Meu Compadre Zé Ketti tem néctares óbvios e alguns deliciosos, mas escondidos. Entre os óbvios, o mimo de podermos ouvir "Diz Que Fui Por Aí", "Máscara Negra" ou "A Voz do Morro", e isso da boca de bambas que por si só já constituem outro néctar. Mas a arte de Nélson também passa por meandros, por gestos quase imperceptíveis. Assim, a candura e a neutralidade de sua câmera ao filmar a pele negra, uma naturalidade que uma vez o cinema brasileiro teve e, a julgar pela tipologia construída por filmes de novos diretores, pode ter definitivamente perdido. Uma outra pérola escondida reside no respeito: se bem olharmos, todos os sambistas vestem azul e branco, as cores da Portela, berço de Zé Ketti. Nélson aceita, incorpora a seu filme, mas não insinua: respeito declarado é pura vaidade. O mesmo com o próprio compositor: de Zé Ketti não vemos nenhuma fotinho sequer, mas há no filme algo que vale por ele – uma cadeira vazia, e nela um chapéu postado. Não é à toa que, finda a roda de samba e todos prontos para a feijoada, que já está no ponto, o filme dirija-se àquela cadeira vazia, e termine a roda como aquilo que o filme é verdadeiramente: uma oferenda a um amigo, com quem trabalhou desde a década de 50, com Rio Zona Norte. Por fim, o fim: depois dos créditos, com um samba em off, surge uma criança, cujos lábios seguem os versos da música.
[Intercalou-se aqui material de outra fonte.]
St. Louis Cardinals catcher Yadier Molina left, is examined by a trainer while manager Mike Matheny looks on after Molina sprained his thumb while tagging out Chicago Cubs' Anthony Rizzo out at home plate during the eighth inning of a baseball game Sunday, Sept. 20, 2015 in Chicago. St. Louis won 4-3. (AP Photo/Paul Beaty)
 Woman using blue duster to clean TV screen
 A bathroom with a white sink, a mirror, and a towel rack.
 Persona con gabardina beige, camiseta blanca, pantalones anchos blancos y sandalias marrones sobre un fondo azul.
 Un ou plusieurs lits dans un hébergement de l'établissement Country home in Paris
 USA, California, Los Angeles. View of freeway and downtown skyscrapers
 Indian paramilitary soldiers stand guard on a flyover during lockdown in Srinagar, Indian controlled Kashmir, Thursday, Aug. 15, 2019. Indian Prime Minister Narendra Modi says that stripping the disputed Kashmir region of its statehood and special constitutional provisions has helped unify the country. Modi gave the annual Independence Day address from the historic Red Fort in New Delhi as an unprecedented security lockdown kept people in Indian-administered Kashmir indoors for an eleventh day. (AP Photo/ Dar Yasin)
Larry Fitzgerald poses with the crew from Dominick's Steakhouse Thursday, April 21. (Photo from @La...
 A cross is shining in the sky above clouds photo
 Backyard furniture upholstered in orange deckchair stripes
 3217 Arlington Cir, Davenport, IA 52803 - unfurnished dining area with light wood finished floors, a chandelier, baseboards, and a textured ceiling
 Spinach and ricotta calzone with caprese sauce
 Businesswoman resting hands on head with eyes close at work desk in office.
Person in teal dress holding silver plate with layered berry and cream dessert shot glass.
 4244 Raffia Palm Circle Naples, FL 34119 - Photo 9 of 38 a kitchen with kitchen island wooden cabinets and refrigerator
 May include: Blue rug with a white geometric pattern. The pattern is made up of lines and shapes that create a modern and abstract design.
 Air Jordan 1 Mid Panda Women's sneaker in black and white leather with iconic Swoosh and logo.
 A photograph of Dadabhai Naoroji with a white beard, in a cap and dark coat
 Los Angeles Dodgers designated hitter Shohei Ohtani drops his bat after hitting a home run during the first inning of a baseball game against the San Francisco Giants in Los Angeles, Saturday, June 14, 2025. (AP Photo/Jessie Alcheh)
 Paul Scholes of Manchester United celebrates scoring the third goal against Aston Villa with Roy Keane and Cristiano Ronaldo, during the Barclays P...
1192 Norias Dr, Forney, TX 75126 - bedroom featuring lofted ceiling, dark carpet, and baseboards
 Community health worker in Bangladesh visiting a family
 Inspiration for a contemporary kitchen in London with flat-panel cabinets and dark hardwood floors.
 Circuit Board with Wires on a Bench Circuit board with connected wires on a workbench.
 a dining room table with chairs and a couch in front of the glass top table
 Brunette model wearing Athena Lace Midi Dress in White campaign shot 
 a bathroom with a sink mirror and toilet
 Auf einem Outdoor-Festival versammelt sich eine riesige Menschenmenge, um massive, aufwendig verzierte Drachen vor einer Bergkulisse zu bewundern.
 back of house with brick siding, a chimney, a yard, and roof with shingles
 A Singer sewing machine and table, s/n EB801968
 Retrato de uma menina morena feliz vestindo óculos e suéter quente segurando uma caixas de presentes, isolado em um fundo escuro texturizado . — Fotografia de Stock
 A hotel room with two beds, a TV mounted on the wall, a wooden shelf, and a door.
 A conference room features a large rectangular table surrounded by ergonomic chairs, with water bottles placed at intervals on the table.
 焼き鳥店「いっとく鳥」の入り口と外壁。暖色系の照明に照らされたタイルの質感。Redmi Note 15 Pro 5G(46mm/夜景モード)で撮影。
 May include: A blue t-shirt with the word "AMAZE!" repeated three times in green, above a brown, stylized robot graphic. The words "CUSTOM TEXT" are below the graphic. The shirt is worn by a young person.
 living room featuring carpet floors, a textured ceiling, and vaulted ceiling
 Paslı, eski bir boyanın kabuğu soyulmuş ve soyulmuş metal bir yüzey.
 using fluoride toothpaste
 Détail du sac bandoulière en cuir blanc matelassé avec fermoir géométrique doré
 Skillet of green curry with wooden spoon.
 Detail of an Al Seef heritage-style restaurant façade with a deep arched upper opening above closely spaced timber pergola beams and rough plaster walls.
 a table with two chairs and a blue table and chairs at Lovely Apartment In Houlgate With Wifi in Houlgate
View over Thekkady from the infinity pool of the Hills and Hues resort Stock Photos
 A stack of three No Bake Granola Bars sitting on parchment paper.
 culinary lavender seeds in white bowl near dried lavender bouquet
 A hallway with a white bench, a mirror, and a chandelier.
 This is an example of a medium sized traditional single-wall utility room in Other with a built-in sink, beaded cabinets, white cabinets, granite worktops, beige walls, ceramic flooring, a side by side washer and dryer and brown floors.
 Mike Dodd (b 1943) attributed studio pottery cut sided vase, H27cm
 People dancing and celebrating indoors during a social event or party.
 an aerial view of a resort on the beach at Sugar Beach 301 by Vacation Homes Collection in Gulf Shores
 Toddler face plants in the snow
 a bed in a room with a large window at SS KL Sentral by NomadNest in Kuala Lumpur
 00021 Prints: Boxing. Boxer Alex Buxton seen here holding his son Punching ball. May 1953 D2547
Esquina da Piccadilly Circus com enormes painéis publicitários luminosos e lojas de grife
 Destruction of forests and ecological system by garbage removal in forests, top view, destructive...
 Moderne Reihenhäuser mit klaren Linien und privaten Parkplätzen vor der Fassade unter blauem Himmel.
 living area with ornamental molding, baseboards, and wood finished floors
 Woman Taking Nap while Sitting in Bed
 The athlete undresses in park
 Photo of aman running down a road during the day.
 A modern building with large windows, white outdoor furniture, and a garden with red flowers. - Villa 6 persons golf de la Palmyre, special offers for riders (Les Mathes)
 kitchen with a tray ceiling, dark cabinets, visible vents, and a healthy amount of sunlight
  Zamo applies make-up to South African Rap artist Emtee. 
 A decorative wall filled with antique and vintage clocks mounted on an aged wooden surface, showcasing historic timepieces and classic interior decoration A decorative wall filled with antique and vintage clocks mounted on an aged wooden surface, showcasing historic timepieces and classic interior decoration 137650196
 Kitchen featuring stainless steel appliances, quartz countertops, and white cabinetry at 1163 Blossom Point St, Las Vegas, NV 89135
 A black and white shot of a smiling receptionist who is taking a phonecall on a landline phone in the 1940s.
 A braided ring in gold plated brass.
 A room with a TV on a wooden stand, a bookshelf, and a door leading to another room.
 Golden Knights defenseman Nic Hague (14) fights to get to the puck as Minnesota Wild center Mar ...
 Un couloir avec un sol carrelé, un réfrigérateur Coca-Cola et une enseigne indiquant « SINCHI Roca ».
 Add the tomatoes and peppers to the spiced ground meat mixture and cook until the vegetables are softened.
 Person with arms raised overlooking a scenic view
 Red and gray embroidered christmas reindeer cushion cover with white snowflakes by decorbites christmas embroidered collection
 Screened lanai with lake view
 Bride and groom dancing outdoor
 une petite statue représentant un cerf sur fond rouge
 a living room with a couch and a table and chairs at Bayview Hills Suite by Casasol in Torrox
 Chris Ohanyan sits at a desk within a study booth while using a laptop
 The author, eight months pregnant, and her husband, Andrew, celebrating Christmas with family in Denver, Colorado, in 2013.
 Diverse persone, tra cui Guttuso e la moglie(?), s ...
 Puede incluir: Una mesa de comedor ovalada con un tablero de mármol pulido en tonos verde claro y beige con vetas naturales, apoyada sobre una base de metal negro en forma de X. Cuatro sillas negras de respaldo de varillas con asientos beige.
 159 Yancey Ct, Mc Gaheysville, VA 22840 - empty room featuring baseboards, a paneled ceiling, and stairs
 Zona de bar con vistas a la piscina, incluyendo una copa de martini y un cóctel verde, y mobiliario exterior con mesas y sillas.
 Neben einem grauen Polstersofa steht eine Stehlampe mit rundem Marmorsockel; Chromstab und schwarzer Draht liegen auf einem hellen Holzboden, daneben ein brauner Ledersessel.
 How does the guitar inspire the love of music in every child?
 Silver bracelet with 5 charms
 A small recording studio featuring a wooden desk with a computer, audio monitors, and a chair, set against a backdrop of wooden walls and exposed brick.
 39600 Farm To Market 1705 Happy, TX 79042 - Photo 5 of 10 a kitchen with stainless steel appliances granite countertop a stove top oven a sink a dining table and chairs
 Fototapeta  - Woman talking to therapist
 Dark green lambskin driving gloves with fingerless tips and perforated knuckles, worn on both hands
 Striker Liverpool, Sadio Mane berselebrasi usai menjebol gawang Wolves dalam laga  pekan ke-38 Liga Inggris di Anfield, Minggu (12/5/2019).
Me disseram ser o neto de Zé Ketti, mas pouco importa: o decisivo é que Nélson, com um plano tão simples e aparentemente bobo, quase estúpido, faz a passagem da geração, filma a continuação da tradição, e filma o prolongamento do samba para os públicos futuros. O cinema é uma arte misteriosa: muitos sambistas já fizeram canções para declarar que o samba não morreu. Nélson, com um plano, parece ter feito uma aplicação prática, e tirado a prova.